== Segment start ==

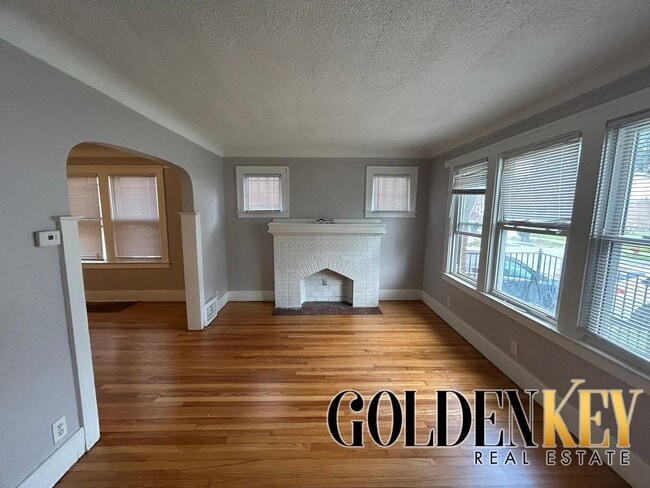 Building Photo - 15745 Cherrylawn St Unit 15745 Cherrylawn Dr - Lower Rental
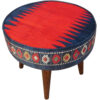 Pouf persan rouge traditionnel avec pieds en bois et tissu en velours bleu marine Farsh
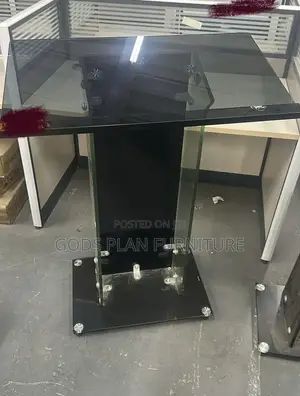 Tempered Glass Pulpit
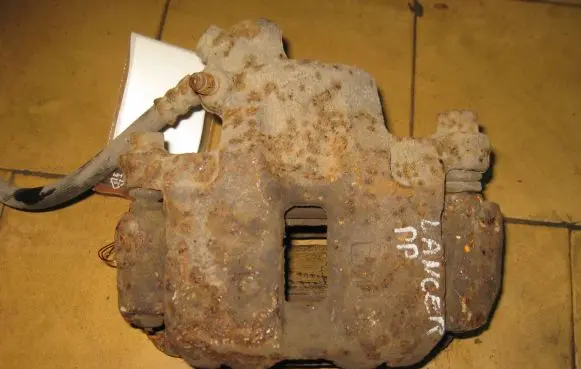 Mitsubishi Lancer Front brake caliper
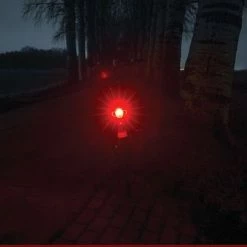 AXA - Spark Battery - Fiets Achterlicht - LED Fietsverlichting Op Batterij - 50-80 Mm - Rood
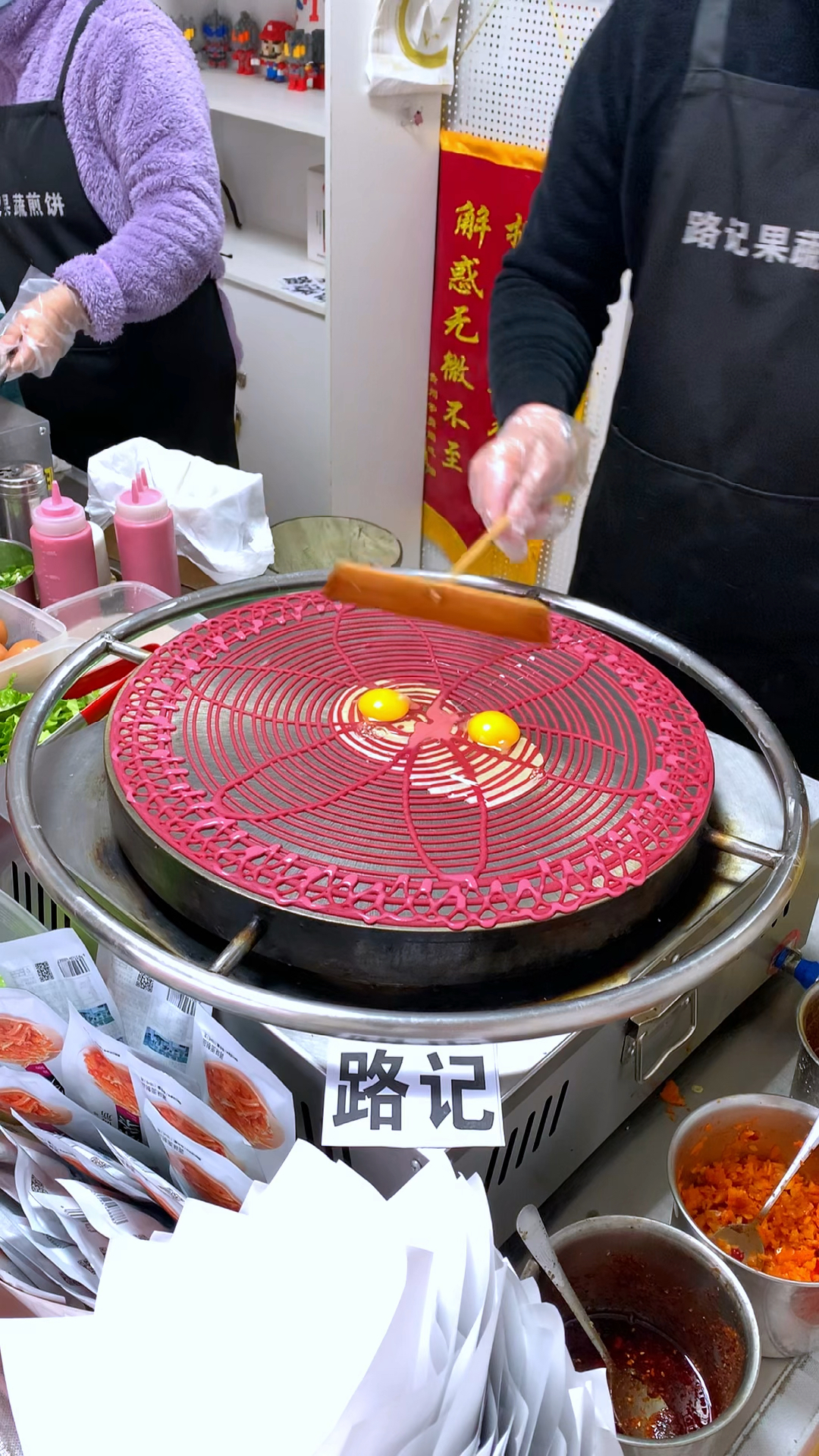 这煎饼还能摊出花?网友:隔着屏幕已经香迷糊了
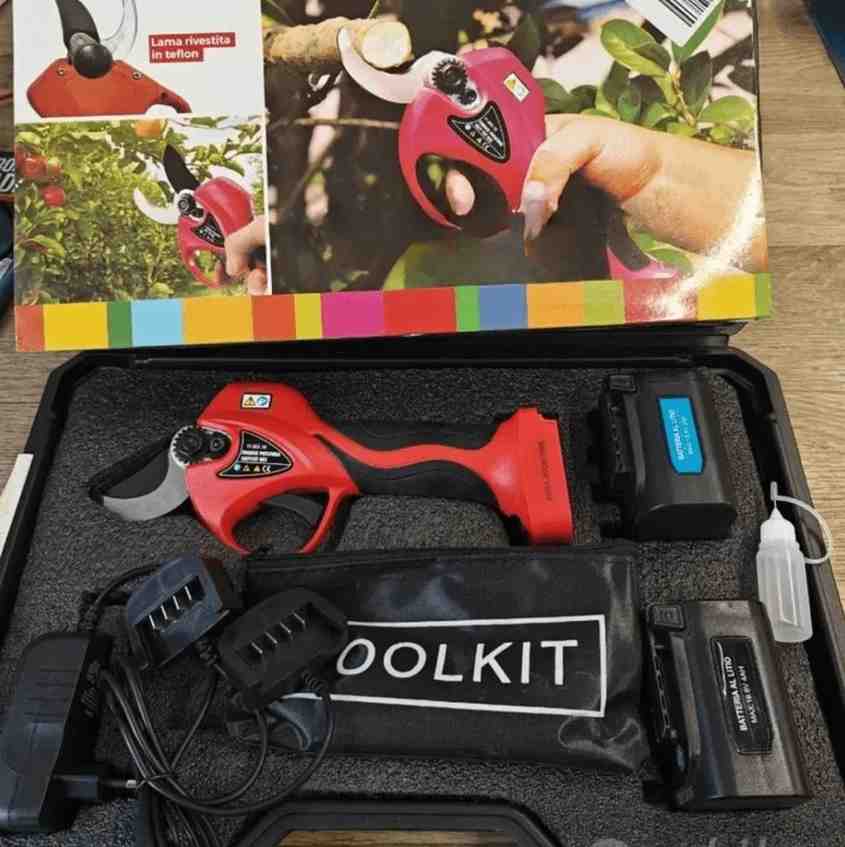 Ergonomiczny uchwyt nożyc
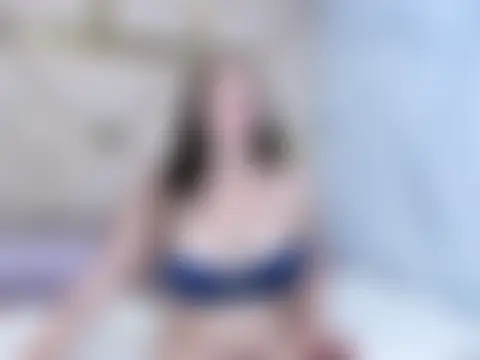 SelenaLuxess Adlı Modelin Canlı XXX Sohbeti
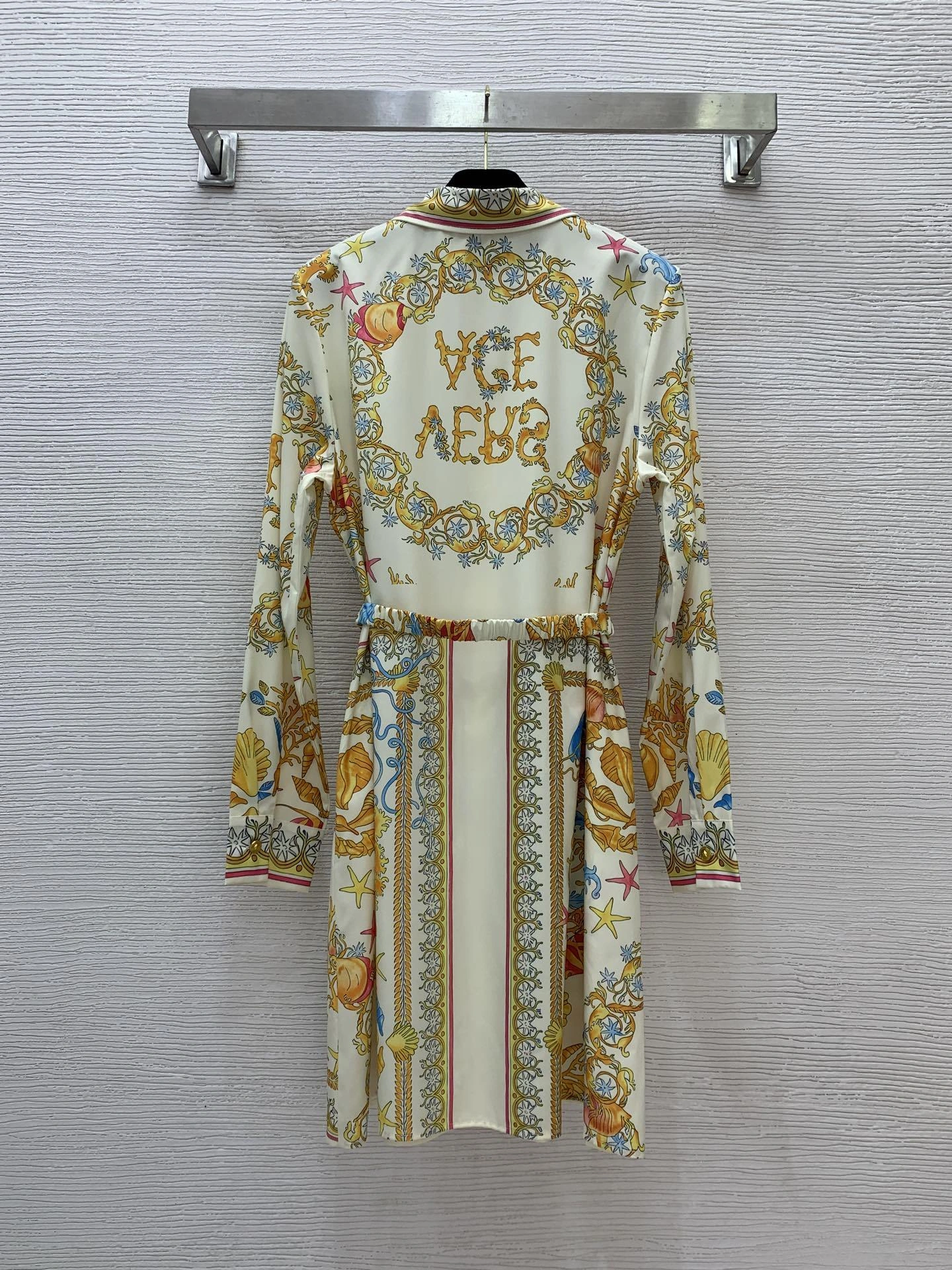 Victoria- V5rs135 item:E-F044I0230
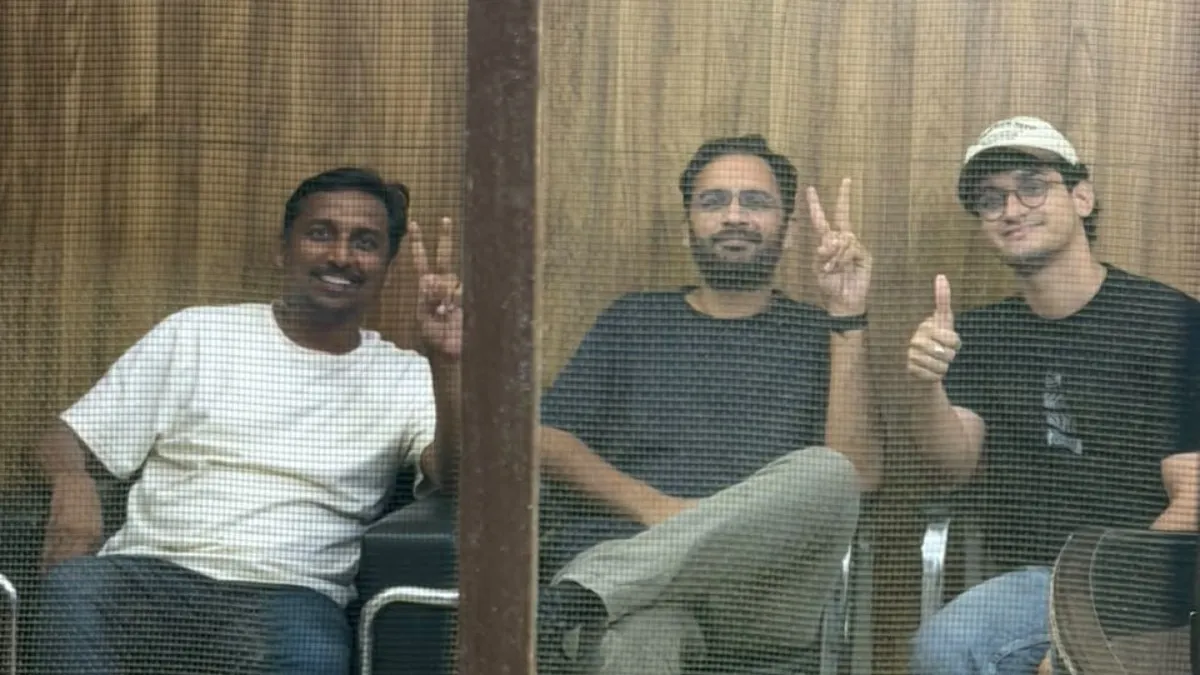 5 நாள் திகார் சிறையில் இருங்க.. கரப்பான்பூச்சி கட்சி சவ்ரவ் தாஸ் உள்பட 3 பேருக்கு கோர்ட் அதிரடி உத்தரவு
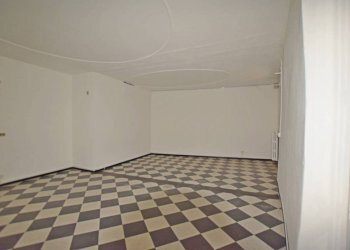 Stanza non arredata - Appartamento piazza Cesare Battisti, 2, Mondovì - foto 12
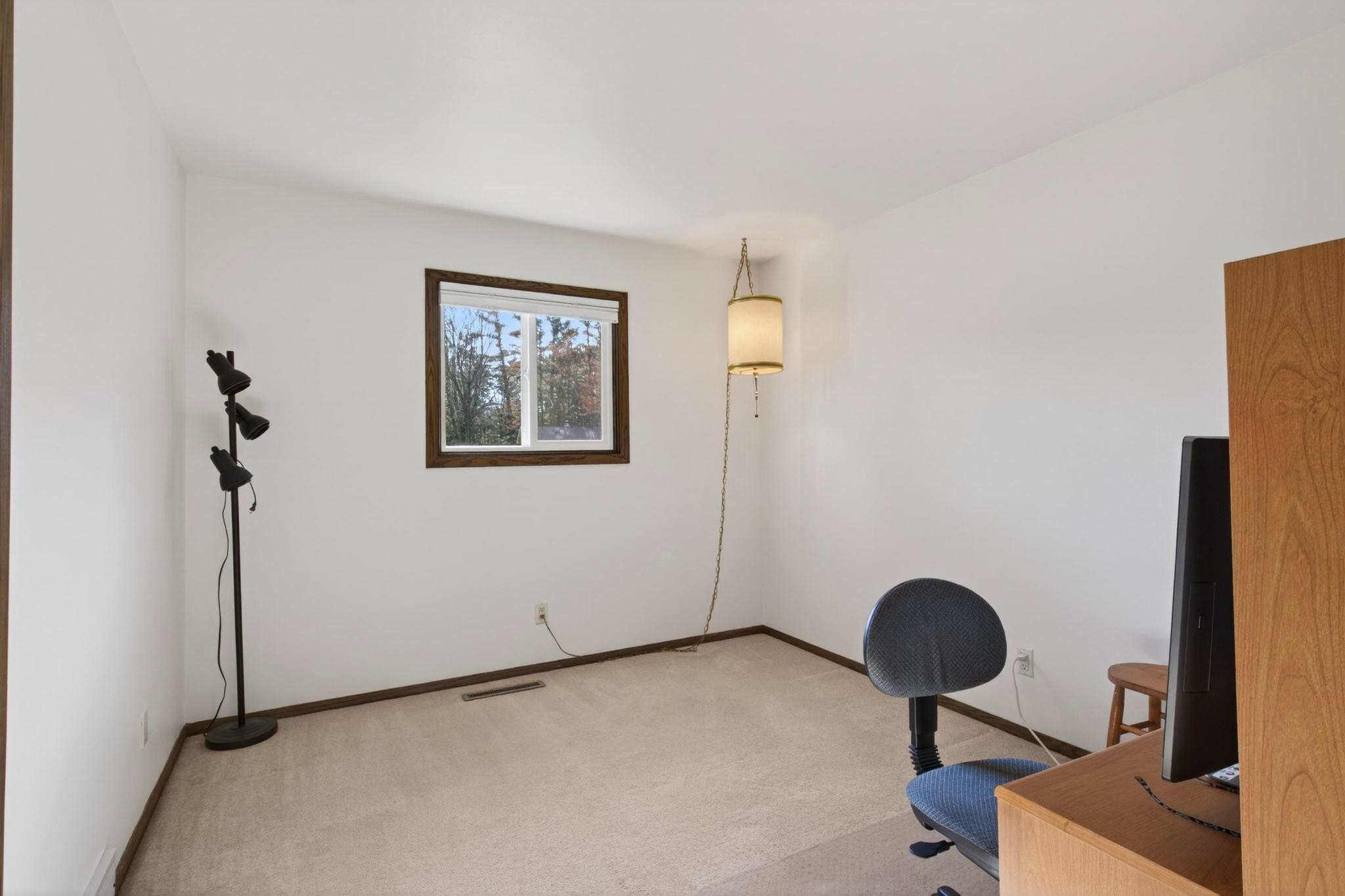 5721 WINTERGREEN DRIVE, Wisconsin Rapids, Wisconsin 54494, 3 Bedrooms Bedrooms, ,1 BathroomBathrooms,Residential,For Sale,5721 WINTERGREEN DRIVE,22601525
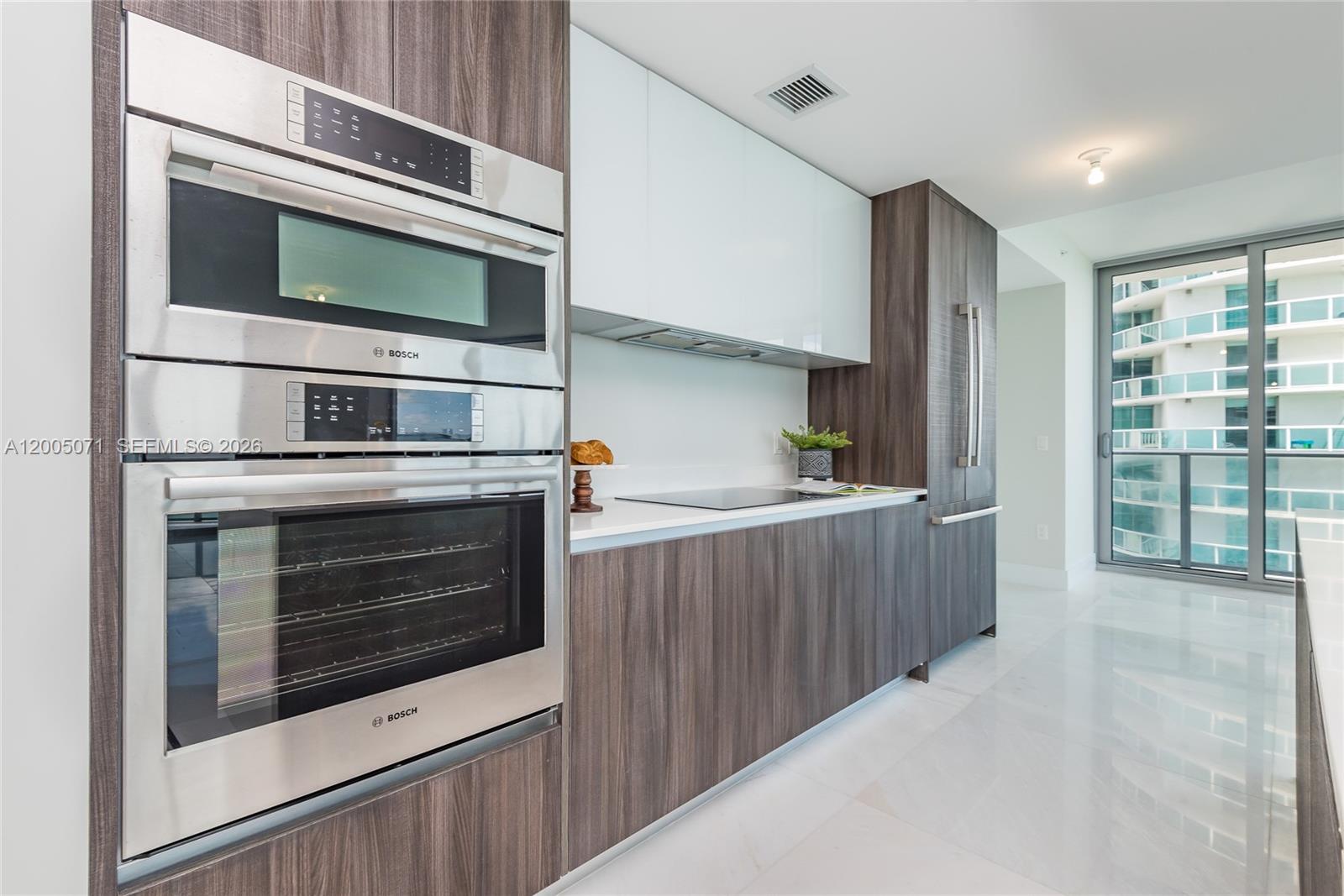 488 NE 18th St #2512, Miami FL 33132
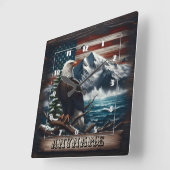 Adelaar staat trots tegen berg en vlag vierkante klok (Hoek)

== Segment end ==

**TASK**
Produce a verbatim copy of the listing, leaving out all pictures.

**PROBLEM SOLUTION**
 Building Photo - 15745 Cherrylawn St Unit 15745 Cherrylawn Dr - Lower Rental
 Pouf persan rouge traditionnel avec pieds en bois et tissu en velours bleu marine Farsh
 Tempered Glass Pulpit
 Mitsubishi Lancer Front brake caliper
 AXA - Spark Battery - Fiets Achterlicht - LED Fietsverlichting Op Batterij - 50-80 Mm - Rood
 这煎饼还能摊出花?网友:隔着屏幕已经香迷糊了
 Ergonomiczny uchwyt nożyc
 SelenaLuxess Adlı Modelin Canlı XXX Sohbeti
 Victoria- V5rs135 item:E-F044I0230
 5 நாள் திகார் சிறையில் இருங்க.. கரப்பான்பூச்சி கட்சி சவ்ரவ் தாஸ் உள்பட 3 பேருக்கு கோர்ட் அதிரடி உத்தரவு
 Stanza non arredata - Appartamento piazza Cesare Battisti, 2, Mondovì - foto 12
 5721 WINTERGREEN DRIVE, Wisconsin Rapids, Wisconsin 54494, 3 Bedrooms Bedrooms, ,1 BathroomBathrooms,Residential,For Sale,5721 WINTERGREEN DRIVE,22601525
 488 NE 18th St #2512, Miami FL 33132
 Adelaar staat trots tegen berg en vlag vierkante klok (Hoek)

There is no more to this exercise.